**Input material:**
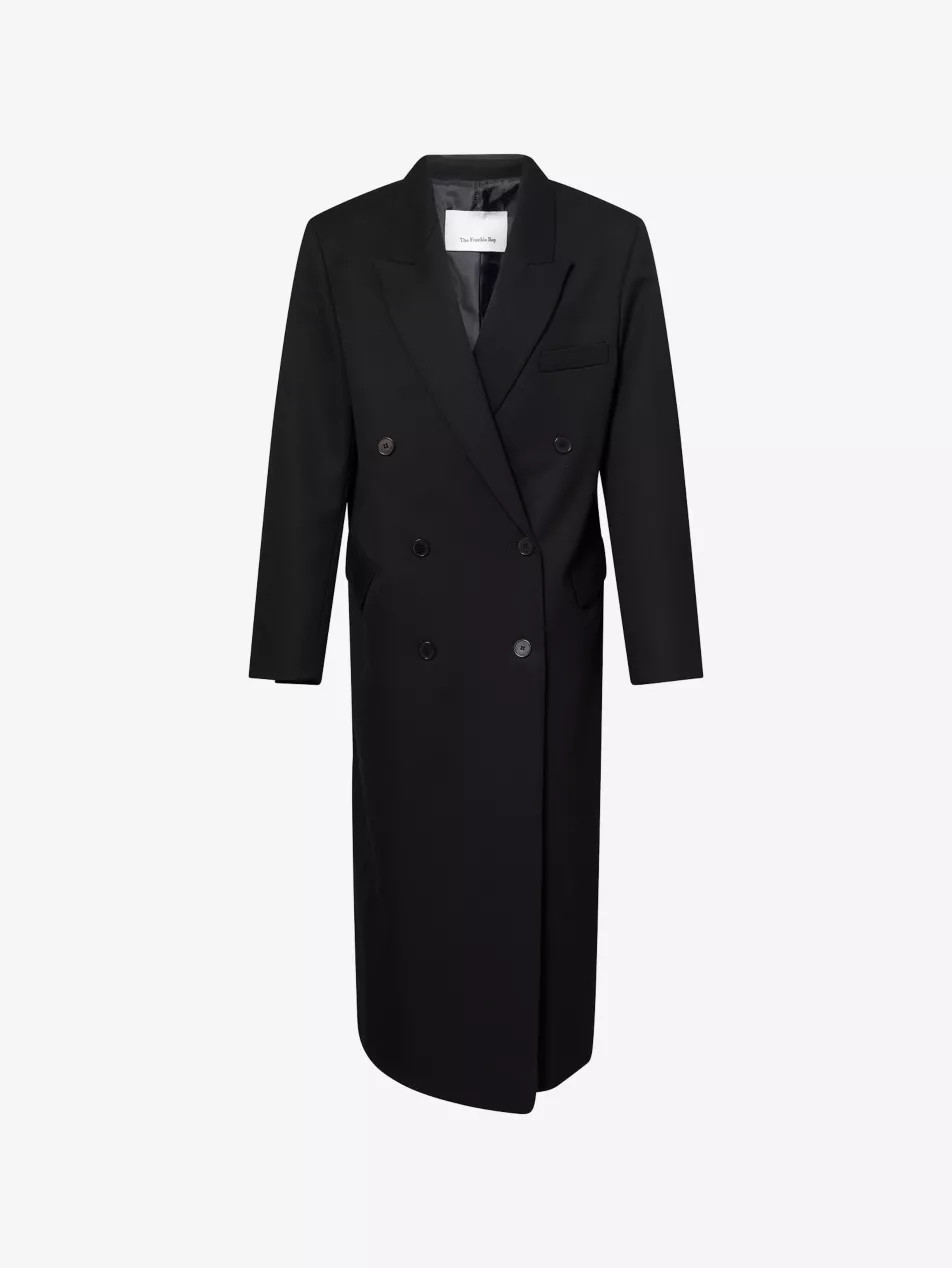 Jane Double-Breasted Woven Long Coat | Selfridges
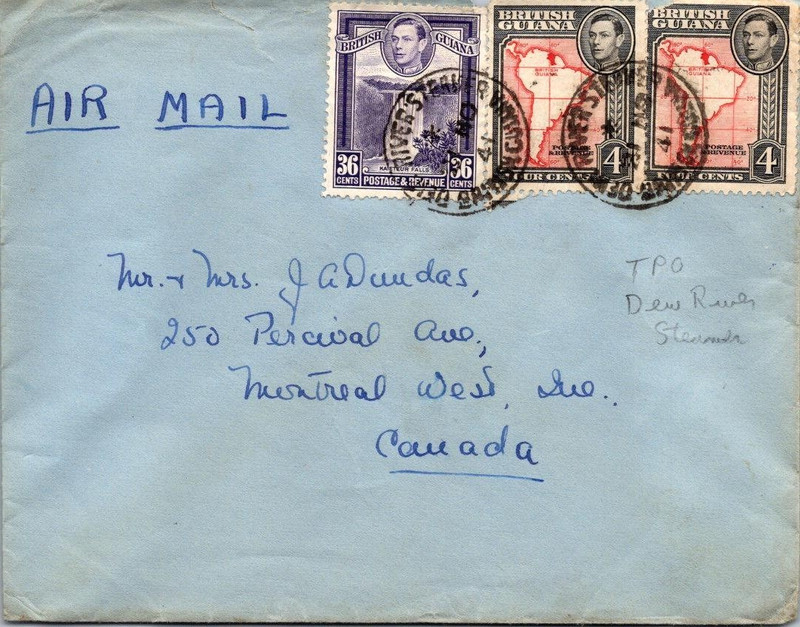 British Guiana 1930 Dem River Steamer Cancel Airmail Cover to Canada - L44027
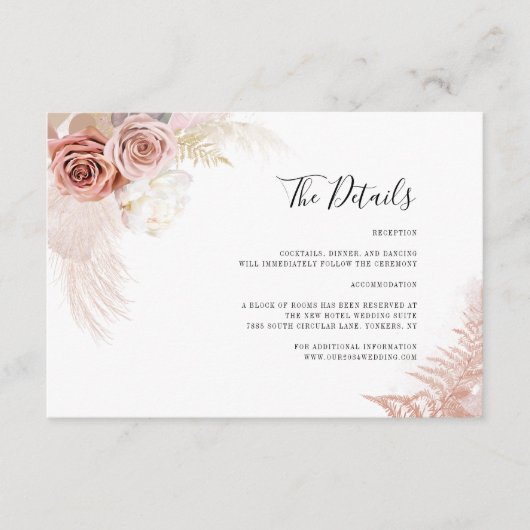 Pampas Grass Terracotta Bloemen Bruiloft Details Informatiekaartje (Voorkant)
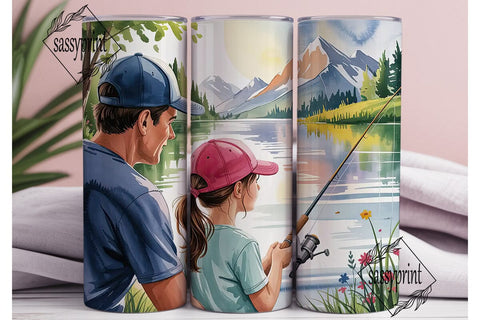 Father Daughter Fishing Tumbler Wrap Sublimation sassyprint 
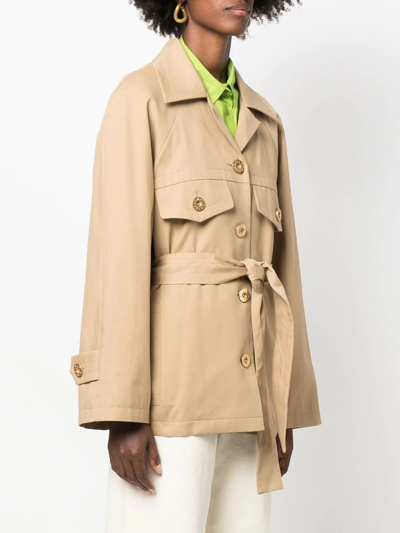 Low Classic Cropped Belted Trench Coat In Nude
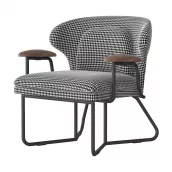 Houndstooth Fabric Lounge Chair-STLOU2631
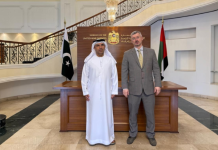 Ambassador Albert P. Khorev Meets with UAE Ambassador Salem Mohammed Al Zaabi to Discuss Regional Stability and Pakistan’s Mediation Role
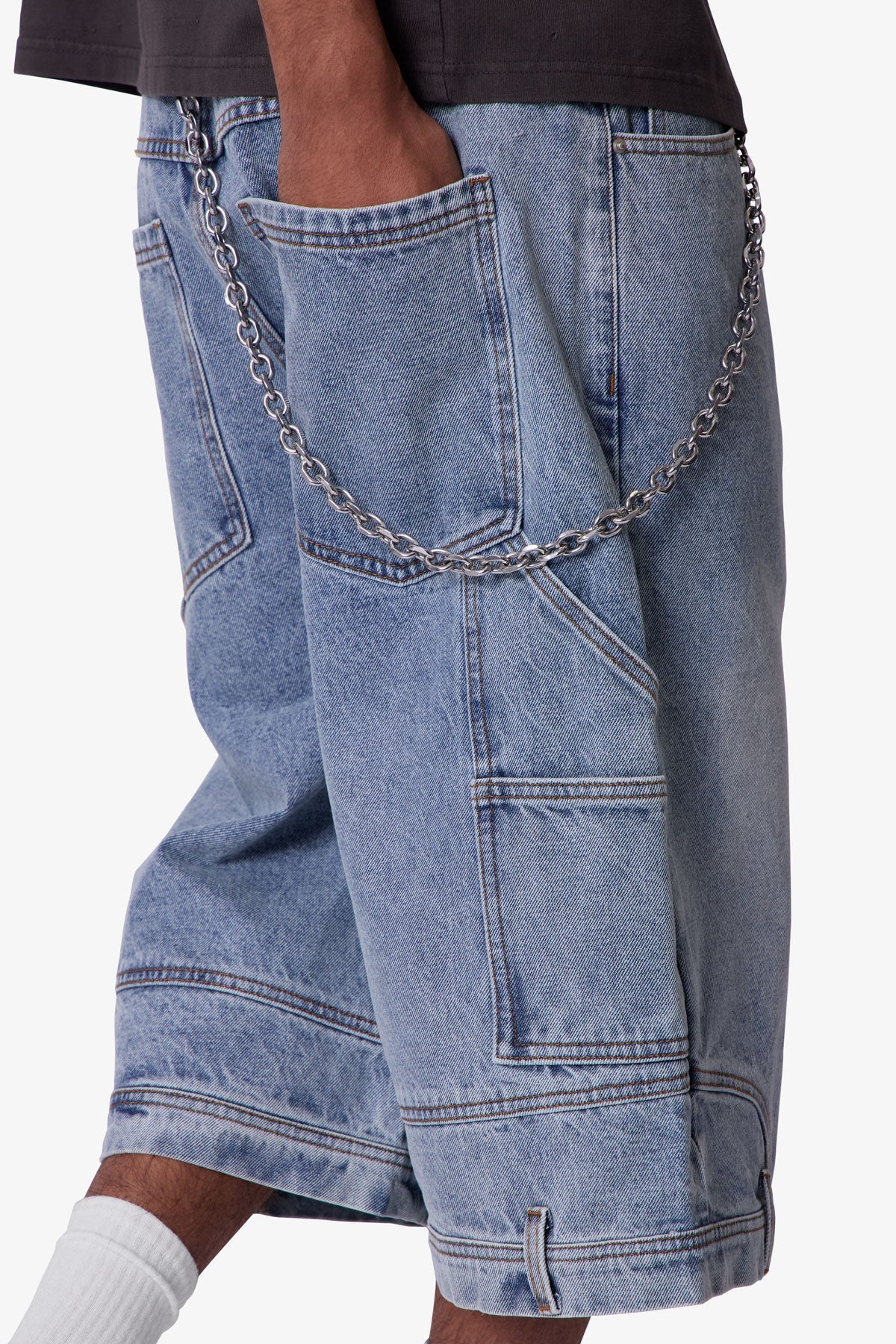 Ultra Baggy Reconstructed Denim Shorts - Blue - Image 8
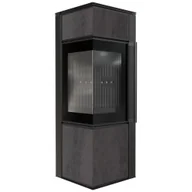 Piece wolnostojące - Piec stalowy TORA/S 8 kW fi 150 spiek NATURALI PIETRA DI czarny domykanie - miniaturka - grafika 1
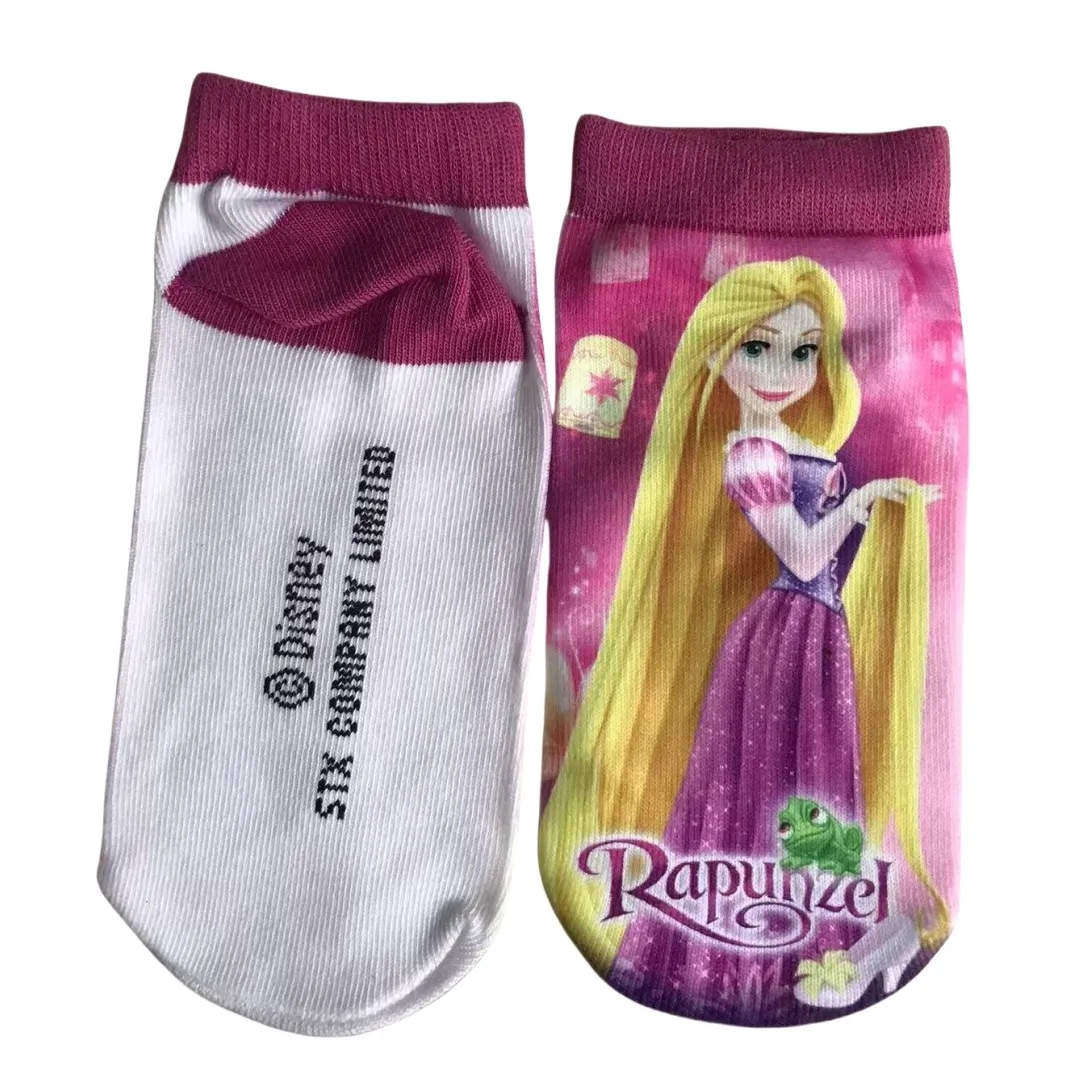 MINISO الأميرة الجوارب مجموعة ملونة آنا إلسا حورية البحر تصميم لطيف الاطفال الأحذية للفتيات حجم 15-20 سنتيمتر 4 زوج/وحدة للأعمار 3-8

**Exercise goal:** Your output should consist solely of the lines from the line containing "Piece wolnostojące - Piec" through the last line of the entries, verbatim, minus any pictures.

**Result of this task:**
 Piece wolnostojące - Piec stalowy TORA/S 8 kW fi 150 spiek NATURALI PIETRA DI czarny domykanie - miniaturka - grafika 1
 MINISO الأميرة الجوارب مجموعة ملونة آنا إلسا حورية البحر تصميم لطيف الاطفال الأحذية للفتيات حجم 15-20 سنتيمتر 4 زوج/وحدة للأعمار 3-8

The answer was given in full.